As the Internet gained in popularity in China, Yahoo started to look at
getting more deeply involved in the country. Jerry, who spoke fluent Mandarin,
had yet to visit mainland China. In a fateful meeting, in 1997, Jack was his tour
guide, assigned to the task while working for the government trade ministry in
Beijing. In addition to the business meetings with MOFTEC and others, the trip
was an opportunity for Jerry to see the sights. Jack’s skills as a self-appointed
tour guide on the shores of West Lake in Hangzhou came in handy when he and
Cathy took Jerry, his younger brother Ken, and Yahoo vice president Heather
Killen on a trip outside Beijing to see the Great Wall.
The image of Jerry sitting on the Great Wall is an appropriate metaphor for
Yahoo’s China dilemma. The market was growing rapidly, now home to
millions and soon tens of millions of Internet users. Yahoo had already managed
to become a dominant player in Japan, so why not in China, too? But China
presented a quandary: how to deal with a government intent on control at all
costs.
In 1996, speaking in Singapore, Jerry had shared his views: “Why the
Internet has grown so fast is because it is not regulated.” There were limits to
how much Jerry’s Chinese ethnicity would translate into an inside track for
Yahoo in China: “The First Amendment safeguards freedom of speech. I’m
more American in terms of my upbringing now.”
Yahoo from the outset was about content, and that would be tricky in
China, where all forms of media were tightly controlled. When Yahoo opened its
office in Hong Kong, Jerry was asked about the issue of censorship. He replied
that Yahoo would “stay within the boundaries of the law and try to stay as free
as possible.” He disclosed that Yahoo was in touch with the authorities in China
but “to be honest, the policy is not very clear as to what is politically sensitive,”

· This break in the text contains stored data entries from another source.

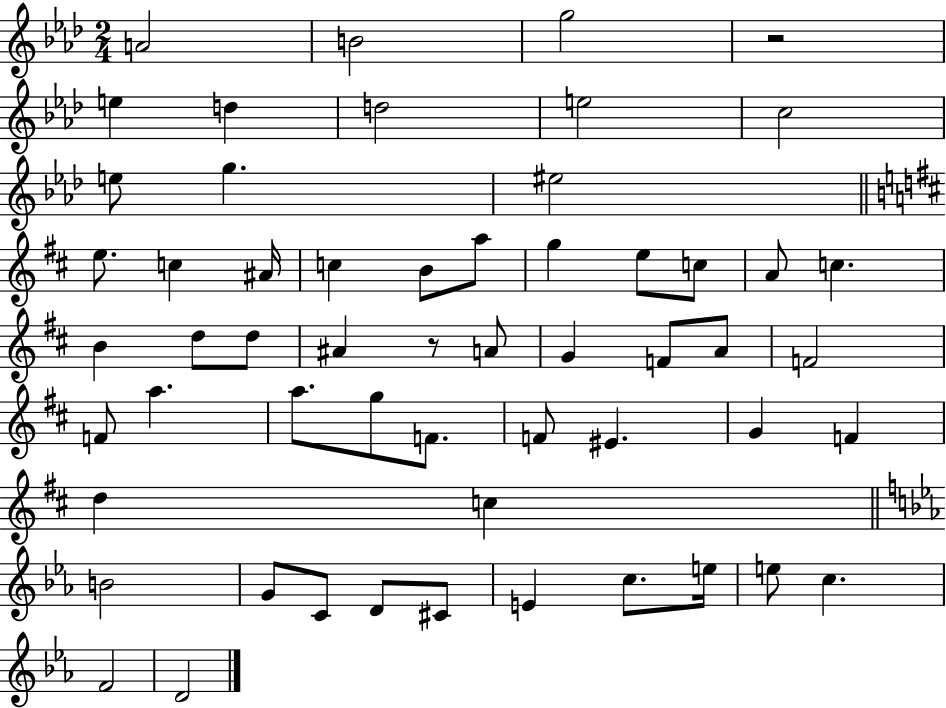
{
  \clef treble
  \numericTimeSignature
  \time 2/4
  \key aes \major
  a'2 | b'2 | g''2 | r2 | \break e''4 d''4 | d''2 | e''2 | c''2 | \break e''8 g''4. | eis''2 | \bar "||" \break \key b \minor e''8. c''4 ais'16 | c''4 b'8 a''8 | g''4 e''8 c''8 | a'8 c''4. | \break b'4 d''8 d''8 | ais'4 r8 a'8 | g'4 f'8 a'8 | f'2 | \break f'8 a''4. | a''8. g''8 f'8. | f'8 eis'4. | g'4 f'4 | \break d''4 c''4 | \bar "||" \break \key c \minor b'2 | g'8 c'8 d'8 cis'8 | e'4 c''8. e''16 | e''8 c''4. | \break f'2 | d'2 | \bar "|."
}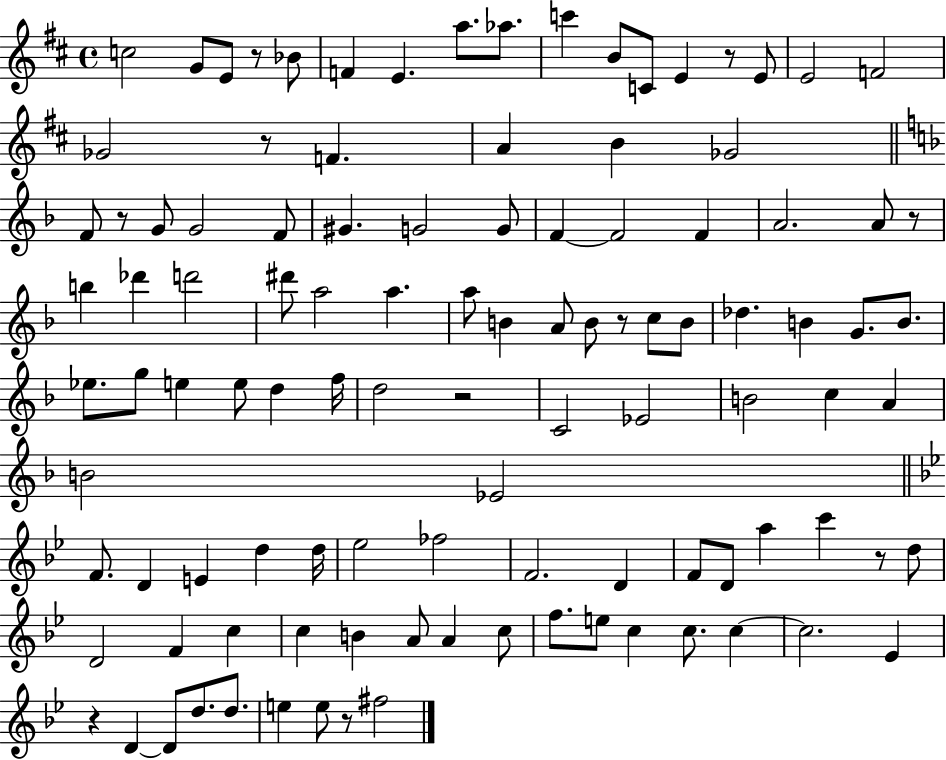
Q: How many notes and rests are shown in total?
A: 108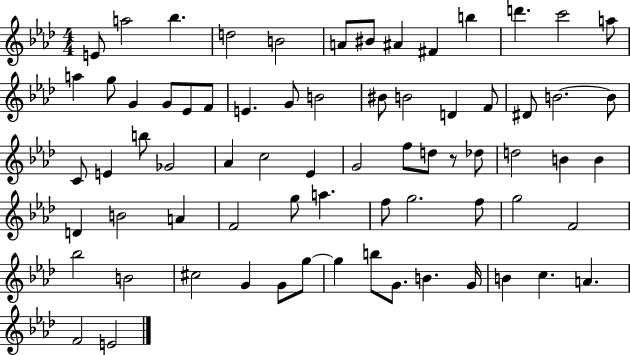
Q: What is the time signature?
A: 4/4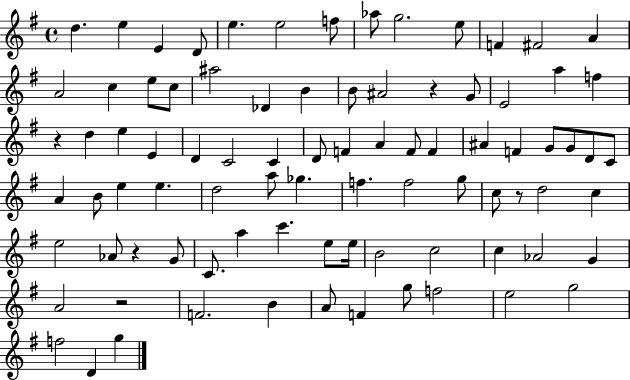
X:1
T:Untitled
M:4/4
L:1/4
K:G
d e E D/2 e e2 f/2 _a/2 g2 e/2 F ^F2 A A2 c e/2 c/2 ^a2 _D B B/2 ^A2 z G/2 E2 a f z d e E D C2 C D/2 F A F/2 F ^A F G/2 G/2 D/2 C/2 A B/2 e e d2 a/2 _g f f2 g/2 c/2 z/2 d2 c e2 _A/2 z G/2 C/2 a c' e/2 e/4 B2 c2 c _A2 G A2 z2 F2 B A/2 F g/2 f2 e2 g2 f2 D g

adding that they had been informed that “as long as we’re just listing content and
not hosting it then we can just go right ahead.”
Although Yahoo was initially just a directory of links to websites run by
third parties, even the choice of which links to present to the public was a
sensitive matter. Furthermore, Yahoo was no longer just about links. Following
an early partnership with Reuters the company added news content to its site,
then chat rooms and, following an acquisition, Yahoo Mail.
The expanding scope of Yahoo’s business invited growing scrutiny from
regulators on the mainland, who also harbored reservations about the company’s
links to Taiwan. On a visit to the island in 1997, Jerry had been treated as a
conquering hero, mobbed by the media and received by Vice President Lien
Chan. His trip came just after Taiwan’s relations with Beijing had hit a new low.
How could Yahoo comfortably serve users both in Taiwan and the mainland?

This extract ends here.